Die nächsten Tage verbrachte ich damit mich einzuleben und mich ein wenig im Dorf umzusehen. Blimbingsari liegt ganz im Westen von Bali idyllisch am Fuße einer kleinen Bergkette. Insgesamt ist das Dorf eher beschaulich, verfügt aber über eine erstaunlich große und verzierte Kirche. Wie mir erklärt wurde, ist Blimbingsari die einzig rein christliche Gemeinde auf ganz Bali. Deshalb kommen oft andere Christen aus ganz Indonesien zu Besuch.
Was mir auch direkt auffiel war, Blimbingsari ist im Vergleich zu andern indonesischen Dörfern sehr sauber. Normalerweise gehört es vor allem in den Städten, aber auch in vielen Dörfern wie selbstverständlich zum Straßenbild, dass der Straßengraben mit Plastikmüll gefüllt ist. Meistens wird dieser dann abends verbrannt. In Blimbingari ist das aber nicht so. Vielleicht gibt es hier ja sogar eine Müllabfuhr, aber das habe ich noch nicht herausgefunden.

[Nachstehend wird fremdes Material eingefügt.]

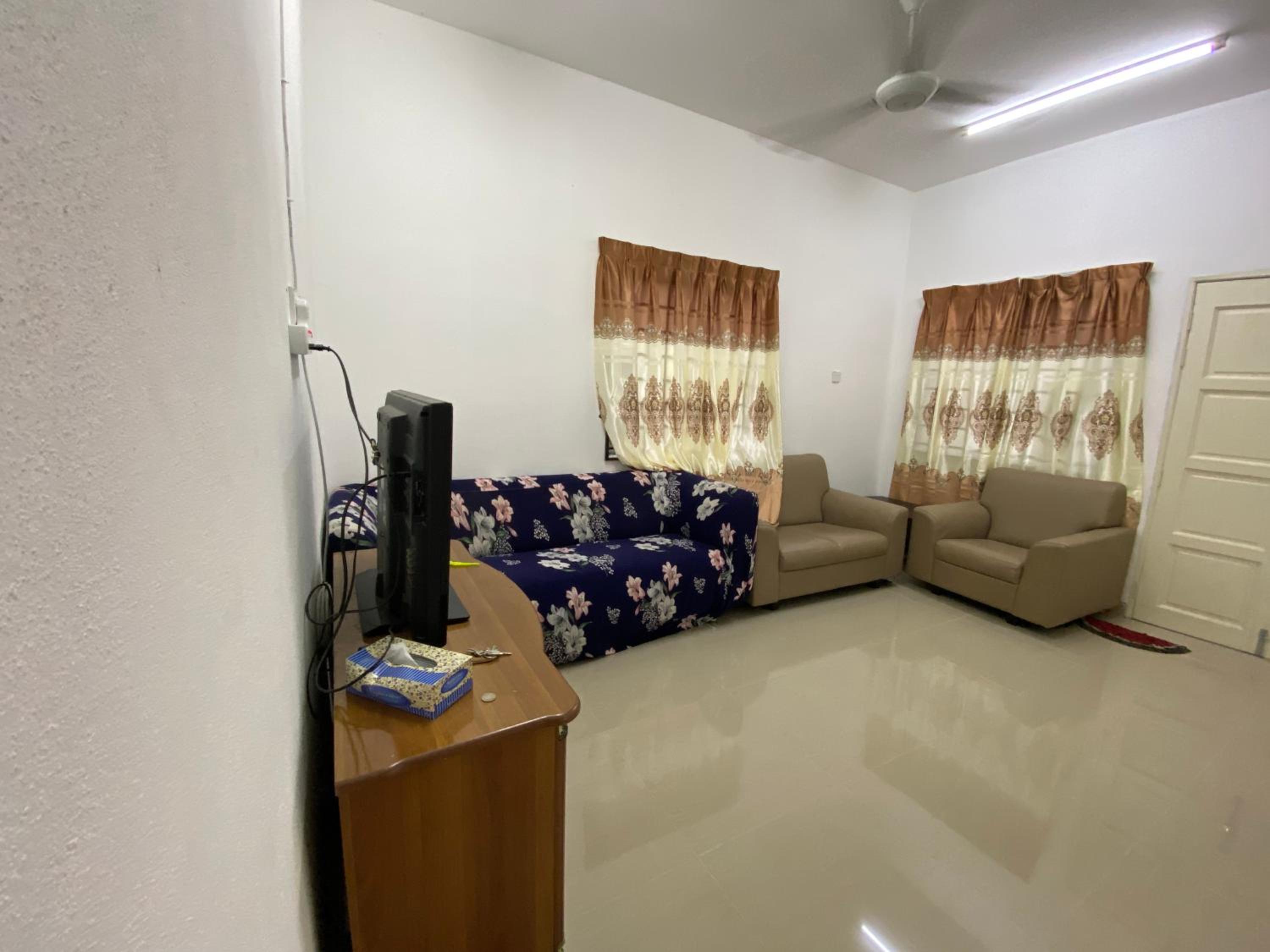 Homestay Kak soh 2 at Kampung Kalai Jeli Kelantan photo 3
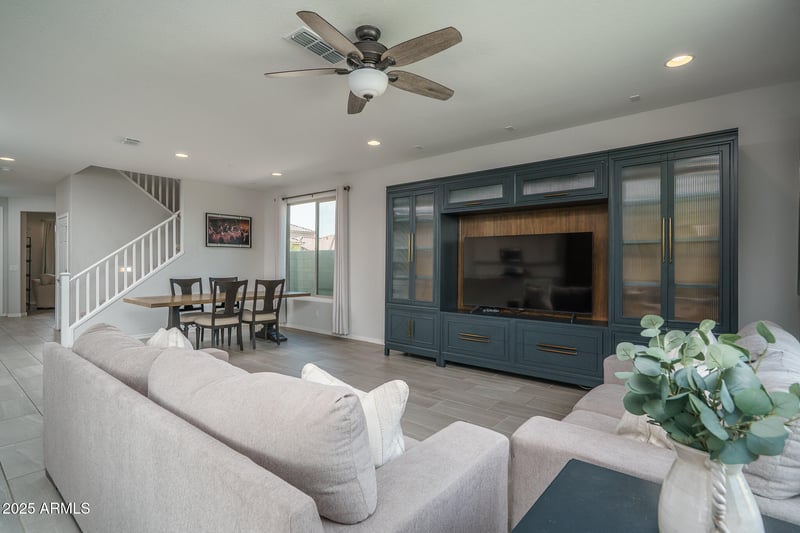 9046 San Miguel Ave, Glendale, AZ 85305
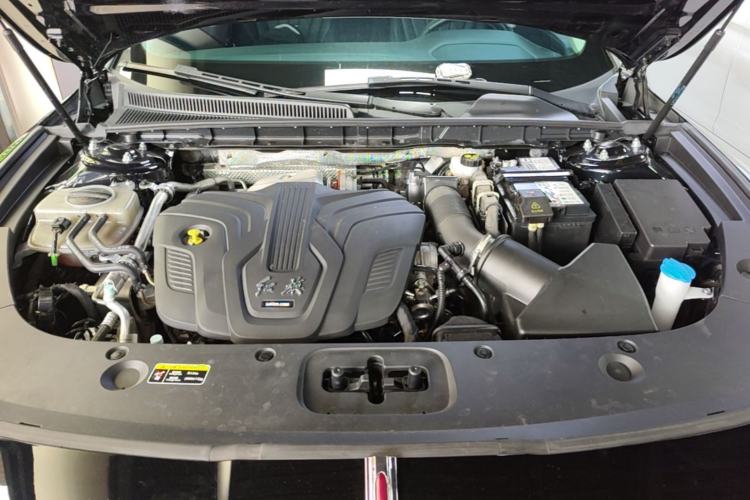 Used Hongqi H5 2024 2.0T Automatic Smart Connect Flagship Edition Engine Bay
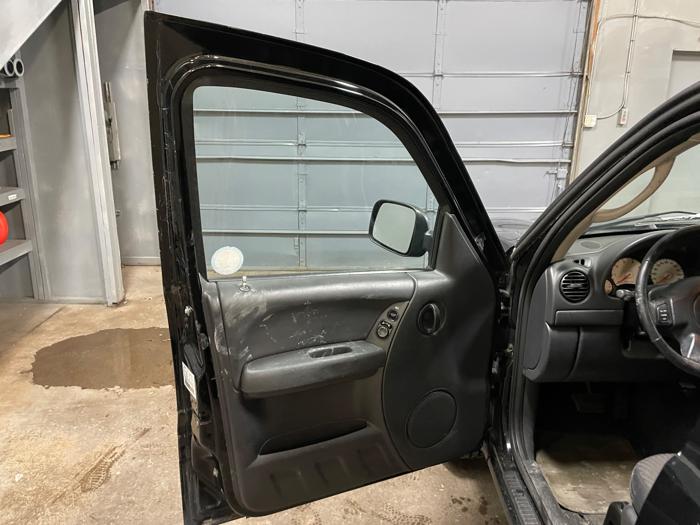 2004 jeep liberty sport-4wd with 104085 miles for sale near elk-river, minnesota 617c590055484ae3bfd830bf938f0a82.jpeg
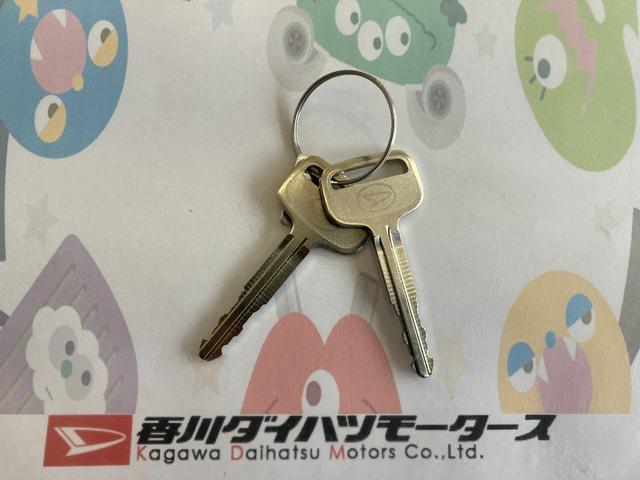 ハイゼットトラックスタンダード　ＭＴ／ＡＭ／ＦＭラジオワンオーナー　ＭＴ　ＡＭ／ＦＭラジオ　ハロゲンヘッドライト　オートライト　オートマチックハイビーム　取扱説明書　メンテナンスノート（香川県）の中古車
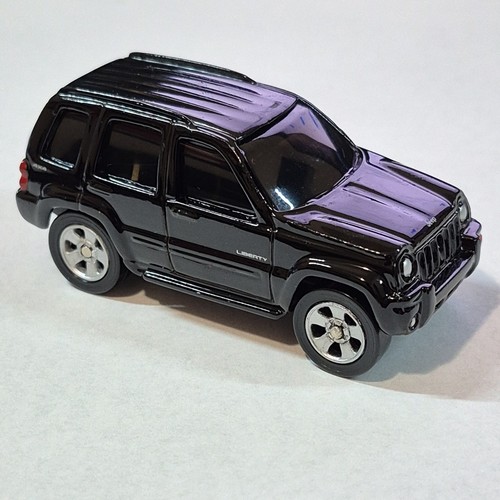 Miasto jeep liberty 4x4 - 1/64,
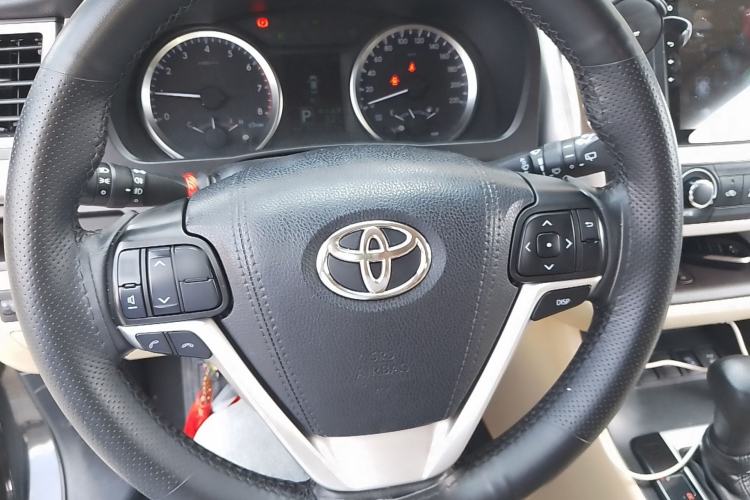 Used Toyota Highlander 2018 2.0T Four-Wheel Drive Elite Edition 7 Seats China V Standard Steering Wheel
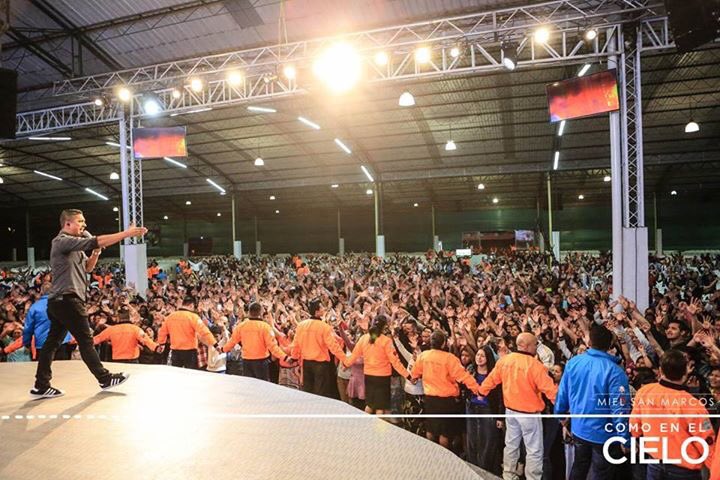 Mielsanmarcos's tweet photo. Bogotá Colombia 🇨🇴
Permaneciendo en la voluntad de Dios veremos la transformación de cada ciudad y Nación 🙌🏼 https://t.co/KCU2sZcn5A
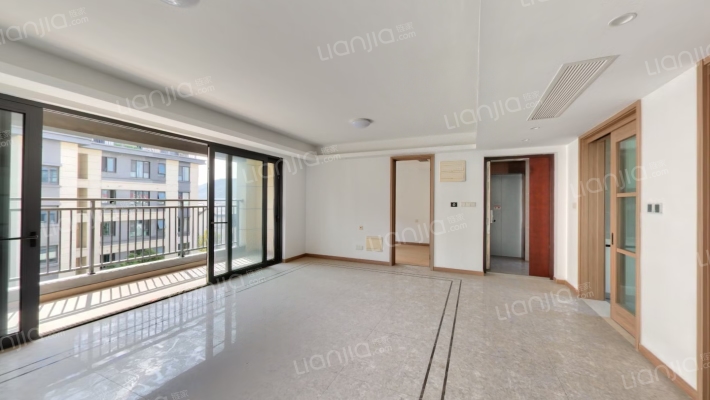 龙湖中锐景粼天著花园二手房实景图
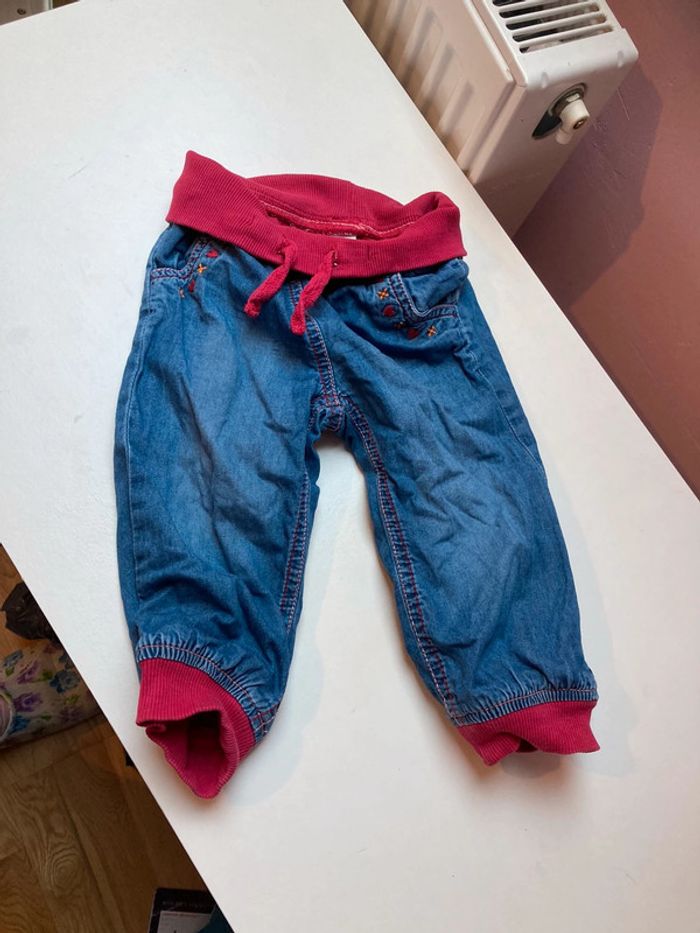 Jeans taille 18moi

Wo ich gerade dabei bin über Unterschiede im Straßenbild zu reden, möchte ich gerne eine weitere Beobachtung mit euch teilen. Am Anfang war ich ein wenig verwirrt, denn irgendetwas im Aufbau der indonesischen Städte und Dörfer erschien mir ganz anders als ich es aus Deutschland gewohnt war. Ich konnte es aber nicht genau benennen. Erst mit der Zeit wurde mir klar was es war. In den indonesischen Siedlungen ist quasi kein Raum für Fußgänger vorgesehen. So etwas wie Fußgängerzonen oder öffentliche Plätze gibt es wenn dann nur sehr selten. Auf die Straße folgen auf beiden Seiten meist kleine Läden und Warungs (quasi ein Mittelding aus Restaurant und Imbiss). Dort wo in Deutschland der Gehweg wäre werden hier die Motorroller geparkt.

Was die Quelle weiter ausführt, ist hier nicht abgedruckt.